L’amministrazione Brugnaro è stata così negativa?

“Va giudicata sui temi per cui ha competenza. Le cose facili le ha fatte, negli ultimi due anni soprattutto e sulla spinta delle proteste; è sui grandi problemi che ne denunciamo le carenze perché sembra perseguire soltanto interessi di bottega. In materia di pianificazione urbana e verde pubblico partecipa alla cementificazione selvaggia del territorio, sulla gestione dei flussi turistici in quattro anni abbiamo sentito soltanto chiacchiere. Sui cambi d’uso peggio che peggio, con palazzi di proprietà comunale venduti per farne alberghi, altri alberghi costruiti a ridosso della stazione di Mestre e poi ci si lamenta del pienone? Molti in città si chiedono se questo non coincida casualmente con interessi del gruppo Umana: è un dato di fatto che il gruppo ha più che raddoppiato il fatturato da quando Brugnaro è sindaco, e che i suoi utili vanno a gonfie vele. Ci fa piacere ma in molti si chiedono come mai alcune società che dipendono da concessioni, permessi o autorizzazioni comunali assumano personale stagionale tramite Umana, sponsorizzino squadre del sindaco e facciano convention aziendali alla Misericordia, che è stata data in concessione quarantennale gratuita ad una società di proprietà del sindaco, in cambio dei restauri. E sapete una cosa? Io credo a Brugnaro quando lui dice che non ne sa nulla, avendo organizzato un blind trust, ma penso che molti imprenditori si sentano quasi in obbligo di farlo. Dobbiamo uscire da questa gestione opaca e uno dei mezzi per farlo è che ogni comunità torni ad occuparsi del bene comune eleggendo un suo sindaco e suoi rappresentanti che siano al servizio della città”.

***

Fronte del No: Nicola Pellicani: 58 anni, giornalista professionista, ora consigliere comunale e deputato del Partito Democratico, ma soprattutto mestrino doc, figlio di quel Gianni Pellicani che è stato l’anima di Mestre prima come deputato e consigliere del Pci, poi come primo amministratore dell’aeroporto Marco Polo, costruito con soldi pubblici e da lui amministrato con una bravura certosina tanto da finire gli interventi perfettamente entro la data e il budget fissati in tempi in cui, tanto per citare il Mose, la rapina ai danni dello Stato era cosa normale. Che poi l’aeroporto pubblico, come molte altre cose pubbliche in Italia, sia ora magicamente in mano ai privati è una storia che si deve alle amministrazioni Galan, votate plebiscitariamente dai veneti per tre mandati consecutivi. Della serie: ci sta bene.

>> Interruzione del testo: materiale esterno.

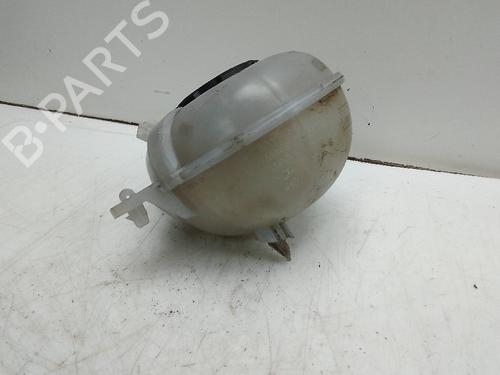 Used Expansion tank SEAT LEON (5F1) 2.0 Cupra (300 hp) 18576097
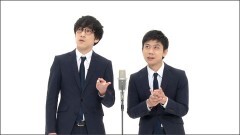 キュウ「Notion attain sky」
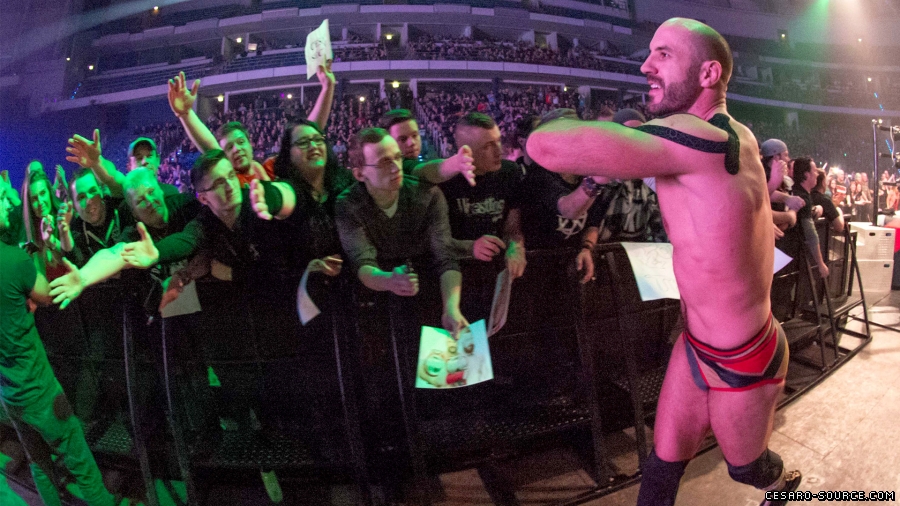 WWELIVE_2242017cm_1032--a9e1ddbb1a36749fda26ebfea48f5cd2.jpg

“Sono contrario perché dividersi è illogico. Questo referendum è un’iniziativa anacronistica. Guardiamo al resto del nostro continente: in Europa si punta su grandi piattaforme di governo territoriale, perché si è visto che “piccolo è bello” nell’amministrare non esiste.

Le identità. “Identità da difendere. Vanno tutte coltivate, ma questo non c’entra con il governo del territorio. La forza di Venezia è comprendere proprio due realtà divise che insieme formano una grande città. Basta pensare alla città storica, servita da un porto e da un aeroporto sparsi nel resto del territorio comunale”.

Il Referendum. “Chi propone in modo seriale l’istituto del referendum sbaglia nel concetto di democrazia. Ma sbaglia anche se pensa di risolvere i problemi della città dividendola in due entità amministrative. Non è dividendoci in due piccoli comuni che possiamo sperare di risolvere i grandi problemi che dovremo risolvere. Basta pensare anche a uno solo di questi, come ad esempio la gestione del turismo, per capire che l’unica soluzione può venire da un’entità amministrativa unica. Altrimenti entro poco tempo sarà una guerra di pass e dazi dall’una e dall’altra parte. Con due Comuni ci sarebbe solo un appesantimento amministrativo”.

La Città metropolitana. “Uno degli elementi di svolta è la Città metropolitana di Venezia. E’ vero che così com’è è stata pensata male dalla legge istitutiva. Limitarla agli angusti confini della provincia di Venezia è stato un errore quando noi sappiamo che gli effetti attrattivi di Venezia vanno ben oltre. Quindi così com’è ora non permette di gestire correttamente i problemi. Ma è l’unico luogo dove trovare questa necessaria efficacia ed efficienza di governo. Piuttosto è stato un grave errore di questa giunta spogliare le municipalità delle loro funzioni”.